--- Extracted records Enclosed Below ---
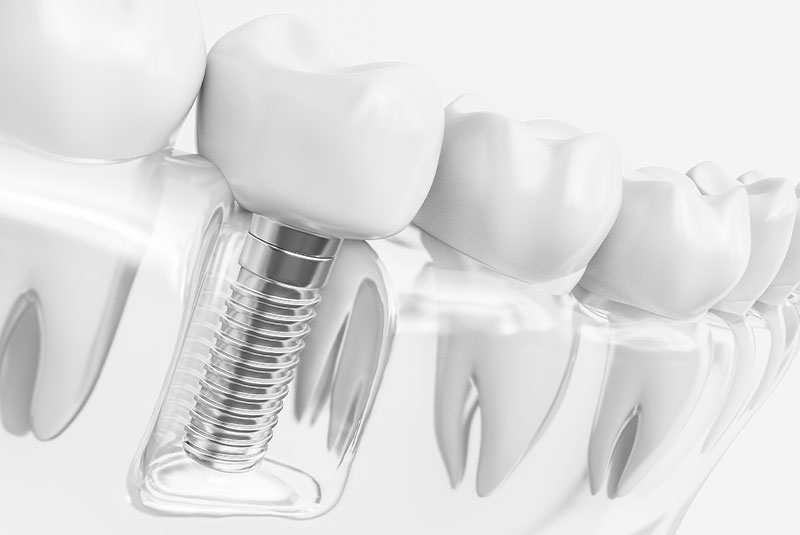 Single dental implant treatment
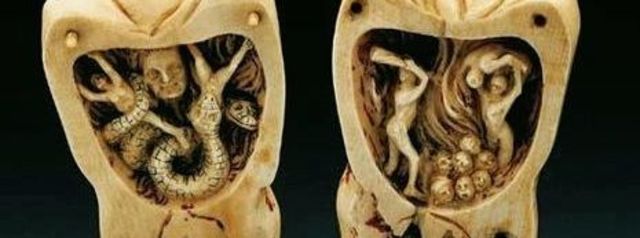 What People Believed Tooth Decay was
--- End of Enclosed Extracted records ---
--- Extracted records Enclosed Below ---
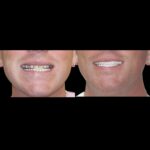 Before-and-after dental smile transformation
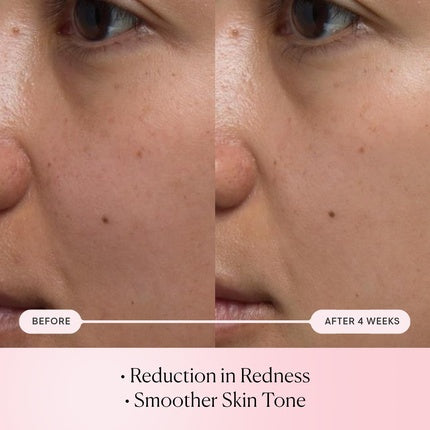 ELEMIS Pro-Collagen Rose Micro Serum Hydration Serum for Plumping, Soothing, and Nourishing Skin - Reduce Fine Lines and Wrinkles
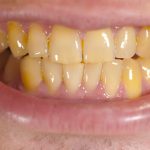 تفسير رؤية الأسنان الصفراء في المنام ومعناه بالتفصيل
--- End of Enclosed Extracted records ---
▸ Task item:
Output exactly, and only, the lines of the entries above from the one with "Single dental implant treatment" up to and including the one with "What People Believed Tooth Decay was"; pictures are to be left out.

▸ Solution for this task:
 Single dental implant treatment
 What People Believed Tooth Decay was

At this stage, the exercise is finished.